(DATA RECORDS)

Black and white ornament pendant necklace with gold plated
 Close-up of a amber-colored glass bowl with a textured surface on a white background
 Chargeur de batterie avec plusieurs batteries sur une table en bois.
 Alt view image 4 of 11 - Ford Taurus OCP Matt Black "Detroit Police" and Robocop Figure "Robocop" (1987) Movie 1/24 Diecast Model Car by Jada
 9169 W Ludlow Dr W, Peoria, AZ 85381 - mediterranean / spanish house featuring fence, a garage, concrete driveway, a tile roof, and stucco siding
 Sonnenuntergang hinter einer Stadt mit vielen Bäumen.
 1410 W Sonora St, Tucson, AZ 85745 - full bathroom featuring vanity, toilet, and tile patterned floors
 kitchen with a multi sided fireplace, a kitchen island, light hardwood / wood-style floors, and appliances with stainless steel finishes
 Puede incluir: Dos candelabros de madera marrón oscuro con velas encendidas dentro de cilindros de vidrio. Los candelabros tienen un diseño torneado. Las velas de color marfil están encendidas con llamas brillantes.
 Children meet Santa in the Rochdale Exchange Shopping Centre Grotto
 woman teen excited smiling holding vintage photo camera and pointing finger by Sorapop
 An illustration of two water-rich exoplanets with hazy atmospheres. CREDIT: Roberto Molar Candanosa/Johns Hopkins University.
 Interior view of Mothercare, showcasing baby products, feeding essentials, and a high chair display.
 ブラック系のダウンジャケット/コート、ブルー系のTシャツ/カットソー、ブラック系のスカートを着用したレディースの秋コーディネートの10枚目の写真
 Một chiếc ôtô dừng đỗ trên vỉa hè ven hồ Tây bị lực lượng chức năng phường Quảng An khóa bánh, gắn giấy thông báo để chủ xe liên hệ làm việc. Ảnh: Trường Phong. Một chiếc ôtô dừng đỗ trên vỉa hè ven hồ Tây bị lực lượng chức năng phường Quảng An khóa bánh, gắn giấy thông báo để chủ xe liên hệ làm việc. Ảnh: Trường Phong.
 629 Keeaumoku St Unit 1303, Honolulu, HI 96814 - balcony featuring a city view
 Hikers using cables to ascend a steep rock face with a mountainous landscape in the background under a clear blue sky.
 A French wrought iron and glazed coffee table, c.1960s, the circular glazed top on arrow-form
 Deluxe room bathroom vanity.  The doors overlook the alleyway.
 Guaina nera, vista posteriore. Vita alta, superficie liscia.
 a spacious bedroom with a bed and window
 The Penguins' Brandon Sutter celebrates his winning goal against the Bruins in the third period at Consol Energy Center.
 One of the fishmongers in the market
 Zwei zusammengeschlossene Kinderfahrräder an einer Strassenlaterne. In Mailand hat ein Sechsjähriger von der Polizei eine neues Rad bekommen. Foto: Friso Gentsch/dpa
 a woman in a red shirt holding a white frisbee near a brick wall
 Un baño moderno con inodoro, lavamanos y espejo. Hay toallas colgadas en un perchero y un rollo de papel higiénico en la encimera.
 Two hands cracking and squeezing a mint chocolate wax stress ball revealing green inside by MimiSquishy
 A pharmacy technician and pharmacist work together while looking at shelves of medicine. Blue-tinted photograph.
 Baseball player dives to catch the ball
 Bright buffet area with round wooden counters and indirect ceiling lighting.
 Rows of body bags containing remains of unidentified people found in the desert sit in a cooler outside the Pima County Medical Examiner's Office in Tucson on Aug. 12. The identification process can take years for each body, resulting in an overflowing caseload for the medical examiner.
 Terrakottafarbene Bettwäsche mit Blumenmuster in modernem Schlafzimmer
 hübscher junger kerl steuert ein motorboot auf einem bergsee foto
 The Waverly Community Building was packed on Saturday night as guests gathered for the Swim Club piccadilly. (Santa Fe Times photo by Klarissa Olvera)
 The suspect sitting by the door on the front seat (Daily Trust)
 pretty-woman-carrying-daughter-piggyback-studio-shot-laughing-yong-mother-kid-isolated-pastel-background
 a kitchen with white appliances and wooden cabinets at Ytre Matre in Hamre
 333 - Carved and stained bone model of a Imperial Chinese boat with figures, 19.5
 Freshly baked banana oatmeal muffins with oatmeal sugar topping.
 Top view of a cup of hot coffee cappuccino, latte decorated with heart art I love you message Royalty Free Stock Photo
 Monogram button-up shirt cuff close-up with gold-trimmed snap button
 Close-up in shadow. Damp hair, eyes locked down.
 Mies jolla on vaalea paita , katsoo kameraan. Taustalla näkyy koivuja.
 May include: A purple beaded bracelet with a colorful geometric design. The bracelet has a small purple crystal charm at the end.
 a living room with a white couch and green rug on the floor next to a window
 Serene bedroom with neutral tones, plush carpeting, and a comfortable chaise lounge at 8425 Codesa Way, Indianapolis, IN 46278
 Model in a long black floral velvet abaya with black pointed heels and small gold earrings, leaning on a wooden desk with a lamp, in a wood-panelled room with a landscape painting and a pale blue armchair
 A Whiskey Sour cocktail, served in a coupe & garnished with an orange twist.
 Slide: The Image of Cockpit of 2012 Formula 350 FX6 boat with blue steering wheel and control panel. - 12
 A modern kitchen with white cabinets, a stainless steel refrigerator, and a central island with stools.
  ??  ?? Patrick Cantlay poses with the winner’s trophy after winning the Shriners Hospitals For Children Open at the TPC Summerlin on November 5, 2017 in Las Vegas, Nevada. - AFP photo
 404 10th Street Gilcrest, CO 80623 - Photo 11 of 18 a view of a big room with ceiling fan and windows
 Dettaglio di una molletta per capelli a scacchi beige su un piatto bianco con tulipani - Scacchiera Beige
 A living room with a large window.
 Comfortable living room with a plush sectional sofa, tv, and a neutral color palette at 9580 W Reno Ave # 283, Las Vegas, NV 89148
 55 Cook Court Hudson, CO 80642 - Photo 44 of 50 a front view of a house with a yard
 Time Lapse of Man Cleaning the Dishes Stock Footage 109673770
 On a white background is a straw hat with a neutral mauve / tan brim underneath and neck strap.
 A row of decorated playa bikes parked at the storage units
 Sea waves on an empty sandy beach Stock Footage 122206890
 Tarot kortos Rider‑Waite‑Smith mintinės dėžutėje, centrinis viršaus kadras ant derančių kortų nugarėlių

(WHAT YOU SHOULD DO) All lines in the material are to be returned exactly.

(SOLVED PROBLEM)
Black and white ornament pendant necklace with gold plated
 Close-up of a amber-colored glass bowl with a textured surface on a white background
 Chargeur de batterie avec plusieurs batteries sur une table en bois.
 Alt view image 4 of 11 - Ford Taurus OCP Matt Black "Detroit Police" and Robocop Figure "Robocop" (1987) Movie 1/24 Diecast Model Car by Jada
 9169 W Ludlow Dr W, Peoria, AZ 85381 - mediterranean / spanish house featuring fence, a garage, concrete driveway, a tile roof, and stucco siding
 Sonnenuntergang hinter einer Stadt mit vielen Bäumen.
 1410 W Sonora St, Tucson, AZ 85745 - full bathroom featuring vanity, toilet, and tile patterned floors
 kitchen with a multi sided fireplace, a kitchen island, light hardwood / wood-style floors, and appliances with stainless steel finishes
 Puede incluir: Dos candelabros de madera marrón oscuro con velas encendidas dentro de cilindros de vidrio. Los candelabros tienen un diseño torneado. Las velas de color marfil están encendidas con llamas brillantes.
 Children meet Santa in the Rochdale Exchange Shopping Centre Grotto
 woman teen excited smiling holding vintage photo camera and pointing finger by Sorapop
 An illustration of two water-rich exoplanets with hazy atmospheres. CREDIT: Roberto Molar Candanosa/Johns Hopkins University.
 Interior view of Mothercare, showcasing baby products, feeding essentials, and a high chair display.
 ブラック系のダウンジャケット/コート、ブルー系のTシャツ/カットソー、ブラック系のスカートを着用したレディースの秋コーディネートの10枚目の写真
 Một chiếc ôtô dừng đỗ trên vỉa hè ven hồ Tây bị lực lượng chức năng phường Quảng An khóa bánh, gắn giấy thông báo để chủ xe liên hệ làm việc. Ảnh: Trường Phong. Một chiếc ôtô dừng đỗ trên vỉa hè ven hồ Tây bị lực lượng chức năng phường Quảng An khóa bánh, gắn giấy thông báo để chủ xe liên hệ làm việc. Ảnh: Trường Phong.
 629 Keeaumoku St Unit 1303, Honolulu, HI 96814 - balcony featuring a city view
 Hikers using cables to ascend a steep rock face with a mountainous landscape in the background under a clear blue sky.
 A French wrought iron and glazed coffee table, c.1960s, the circular glazed top on arrow-form
 Deluxe room bathroom vanity.  The doors overlook the alleyway.
 Guaina nera, vista posteriore. Vita alta, superficie liscia.
 a spacious bedroom with a bed and window
 The Penguins' Brandon Sutter celebrates his winning goal against the Bruins in the third period at Consol Energy Center.
 One of the fishmongers in the market
 Zwei zusammengeschlossene Kinderfahrräder an einer Strassenlaterne. In Mailand hat ein Sechsjähriger von der Polizei eine neues Rad bekommen. Foto: Friso Gentsch/dpa
 a woman in a red shirt holding a white frisbee near a brick wall
 Un baño moderno con inodoro, lavamanos y espejo. Hay toallas colgadas en un perchero y un rollo de papel higiénico en la encimera.
 Two hands cracking and squeezing a mint chocolate wax stress ball revealing green inside by MimiSquishy
 A pharmacy technician and pharmacist work together while looking at shelves of medicine. Blue-tinted photograph.
 Baseball player dives to catch the ball
 Bright buffet area with round wooden counters and indirect ceiling lighting.
 Rows of body bags containing remains of unidentified people found in the desert sit in a cooler outside the Pima County Medical Examiner's Office in Tucson on Aug. 12. The identification process can take years for each body, resulting in an overflowing caseload for the medical examiner.
 Terrakottafarbene Bettwäsche mit Blumenmuster in modernem Schlafzimmer
 hübscher junger kerl steuert ein motorboot auf einem bergsee foto
 The Waverly Community Building was packed on Saturday night as guests gathered for the Swim Club piccadilly. (Santa Fe Times photo by Klarissa Olvera)
 The suspect sitting by the door on the front seat (Daily Trust)
 pretty-woman-carrying-daughter-piggyback-studio-shot-laughing-yong-mother-kid-isolated-pastel-background
 a kitchen with white appliances and wooden cabinets at Ytre Matre in Hamre
 333 - Carved and stained bone model of a Imperial Chinese boat with figures, 19.5
 Freshly baked banana oatmeal muffins with oatmeal sugar topping.
 Top view of a cup of hot coffee cappuccino, latte decorated with heart art I love you message Royalty Free Stock Photo
 Monogram button-up shirt cuff close-up with gold-trimmed snap button
 Close-up in shadow. Damp hair, eyes locked down.
 Mies jolla on vaalea paita , katsoo kameraan. Taustalla näkyy koivuja.
 May include: A purple beaded bracelet with a colorful geometric design. The bracelet has a small purple crystal charm at the end.
 a living room with a white couch and green rug on the floor next to a window
 Serene bedroom with neutral tones, plush carpeting, and a comfortable chaise lounge at 8425 Codesa Way, Indianapolis, IN 46278
 Model in a long black floral velvet abaya with black pointed heels and small gold earrings, leaning on a wooden desk with a lamp, in a wood-panelled room with a landscape painting and a pale blue armchair
 A Whiskey Sour cocktail, served in a coupe & garnished with an orange twist.
 Slide: The Image of Cockpit of 2012 Formula 350 FX6 boat with blue steering wheel and control panel. - 12
 A modern kitchen with white cabinets, a stainless steel refrigerator, and a central island with stools.
  ??  ?? Patrick Cantlay poses with the winner’s trophy after winning the Shriners Hospitals For Children Open at the TPC Summerlin on November 5, 2017 in Las Vegas, Nevada. - AFP photo
 404 10th Street Gilcrest, CO 80623 - Photo 11 of 18 a view of a big room with ceiling fan and windows
 Dettaglio di una molletta per capelli a scacchi beige su un piatto bianco con tulipani - Scacchiera Beige
 A living room with a large window.
 Comfortable living room with a plush sectional sofa, tv, and a neutral color palette at 9580 W Reno Ave # 283, Las Vegas, NV 89148
 55 Cook Court Hudson, CO 80642 - Photo 44 of 50 a front view of a house with a yard
 Time Lapse of Man Cleaning the Dishes Stock Footage 109673770
 On a white background is a straw hat with a neutral mauve / tan brim underneath and neck strap.
 A row of decorated playa bikes parked at the storage units
 Sea waves on an empty sandy beach Stock Footage 122206890
 Tarot kortos Rider‑Waite‑Smith mintinės dėžutėje, centrinis viršaus kadras ant derančių kortų nugarėlių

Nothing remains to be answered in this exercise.